As an initial matter, we note that the underlying dispute in this case between the County and the Service Providers, namely whether the Service Providers failed to bill and undercharged subscribers, pertains to what we will refer to as the 911 Act, 35 Pa. C.S. §§ 5301–5312.1, prior to the General Assembly's amendments to the 911 Act that became effective in August 2015. As discussed further below, however, the instant appeal requires this Court to consider the 911 Act both before and after the effective date of the 2015 amendments.

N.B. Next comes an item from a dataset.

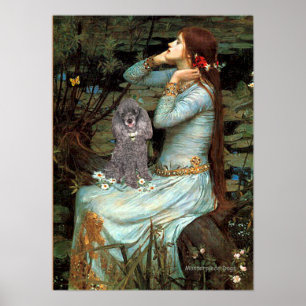 Pudel (Silber 8) - Ophelia sitzend Poster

Pursuant to the 911 Act, the County is responsible for the “implementation, operation and maintenance of a 911 system.” Section 5304 of the 911 Act, 35 Pa. C.S. § 5304. Prior to the 2015 amendments, the statutory scheme operated in the following manner. Through the implementation of a “contribution rate” (911 fees), the 911 Act provided funding to counties to address the costs associated with each county's 911 calling and response system. Former Section 5302 of the 911 Act, 35 Pa. C.S. § 5302. The 911 Act, prior to the 2015 amendments, also required telecommunication service providers to bill the 911 fees to subscribers and to remit the amount collected to the counties. See former Section 5307(a) of the 911 Act, 35 Pa. C.S. § 5307(a) (relating to collection and disbursement of 911 fees) and former Section 5311.14 of the 911 Act, 35 Pa. C.S. § 5311.14 (relating to Voice over Internet Protocol (VoIP) service), repealed by the Act of June 29, 2015, P.L. 36.1 It also required service providers to report information on “each interconnected VoIP service customer” relating to the 911 fee for that customer. Former Section 5311.14(b)(2) of the 911 Act.
On February 11, 2016, the County filed a complaint in the trial court, alleging that the Service Providers failed to charge customers adequately and to collect, remit, and report certain fees under the services fee scheme of the 911 Act. (Reproduced Record (R.R.) at 47a–79a.) The County sets forth its specific legal claims in four counts. Count I of the complaint alleges that the Service Providers were fiduciaries of the County, because the Service Providers had custody and control over all information related to the 911 fees. Count I also alleges that the Service Providers breached their fiduciary obligations by failing to charge, collect, and remit 911 fees and by submitting false or inaccurate reports to the County pertaining to those fees. (R.R. at 74a.) Count II alleges that the Service Providers committed fraud by intentionally and/or knowingly failing to charge, collect, report, and remit the 911 fees as required by the 911 Act and by materially misrepresenting and/or concealing the facts surrounding the 911 fees. (R.R. at 75a–76a.) Count III alleges that the Service Providers committed negligent misrepresentation in that the Service Providers provided false representations to the County through inaccurate 911 fees and remittance forms, and the County relied on those representations to its detriment. (R.R. at 76a–78a.) Count IV alleges that the County is unable to ascertain the extent of the underpayment of 911 fees and, therefore, requests the trial court to compel an accounting. Count IV additionally asks the trial court to enjoin the Service Providers from continuing to violate the 911 Act and to award monetary damages. (R.R. at 78a–79a.)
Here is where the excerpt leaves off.